- What is being asked
Give the listing again character for character, but drop the images.

- Data block

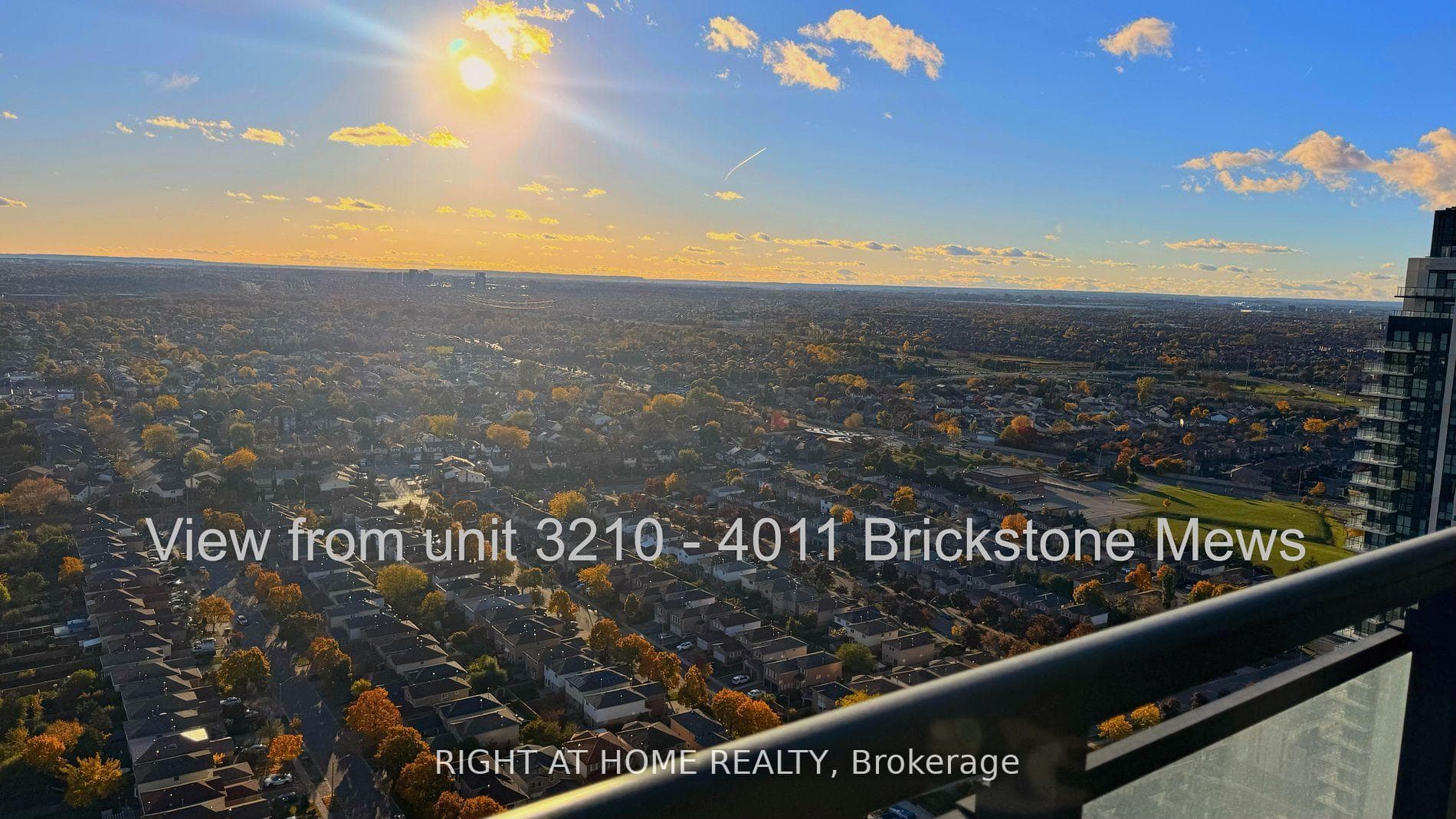 4011 Brickstone Mews Unit 3210, Mississauga, ON L5B 0J7 - Photo 1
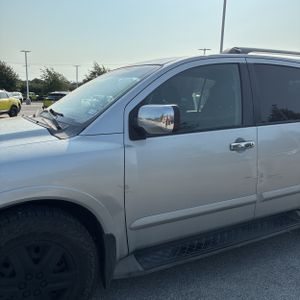2011 Nissan ARMADA SV — фото 2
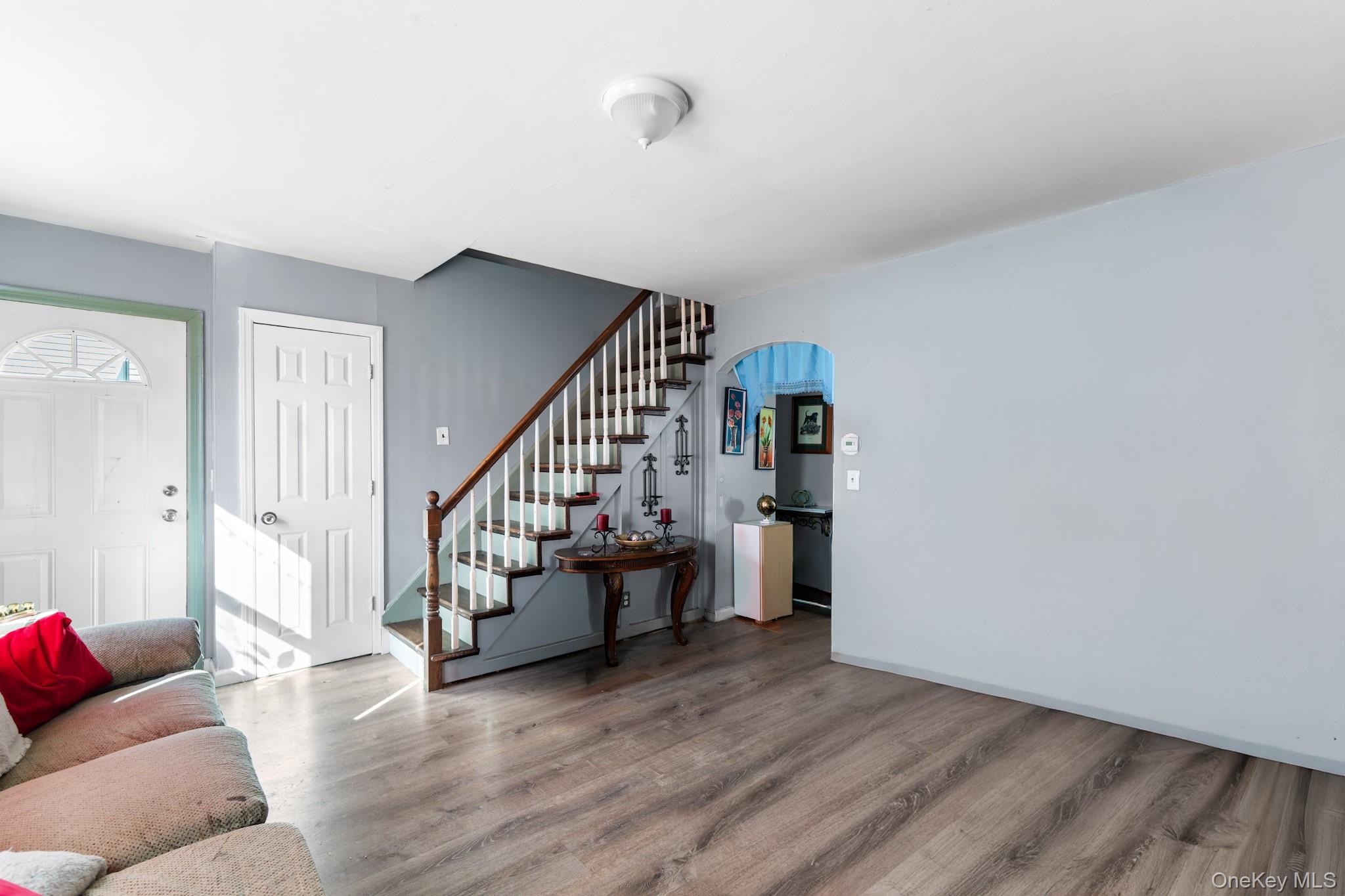 13 Westside Avenue Property Photo 5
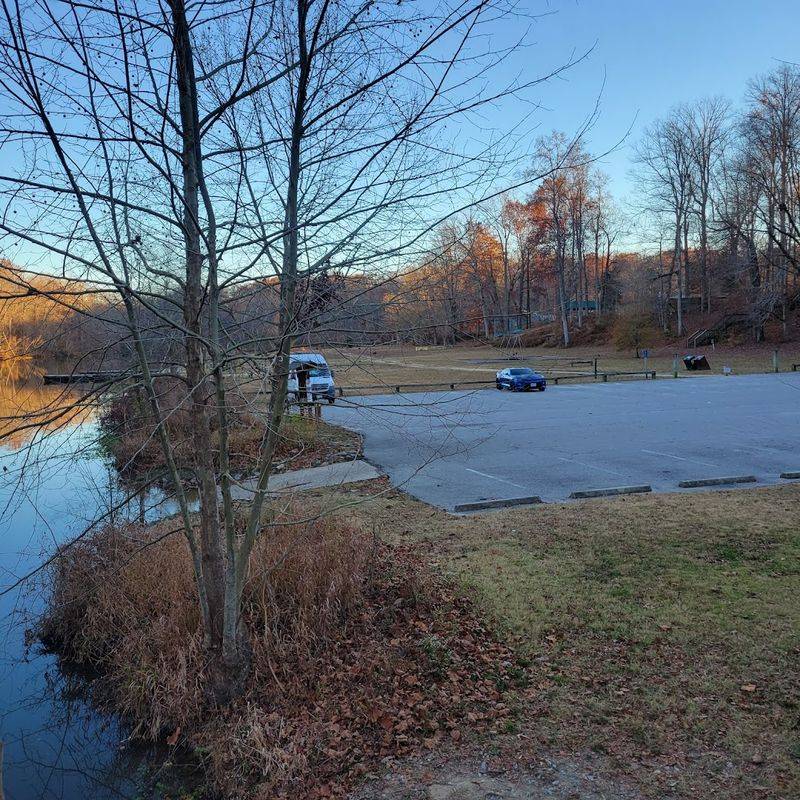 Trail Amenities and Parking: Surprisingly Well-Organized for a Park This Size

- Output
 4011 Brickstone Mews Unit 3210, Mississauga, ON L5B 0J7 - Photo 1
2011 Nissan ARMADA SV — фото 2
 13 Westside Avenue Property Photo 5
 Trail Amenities and Parking: Surprisingly Well-Organized for a Park This Size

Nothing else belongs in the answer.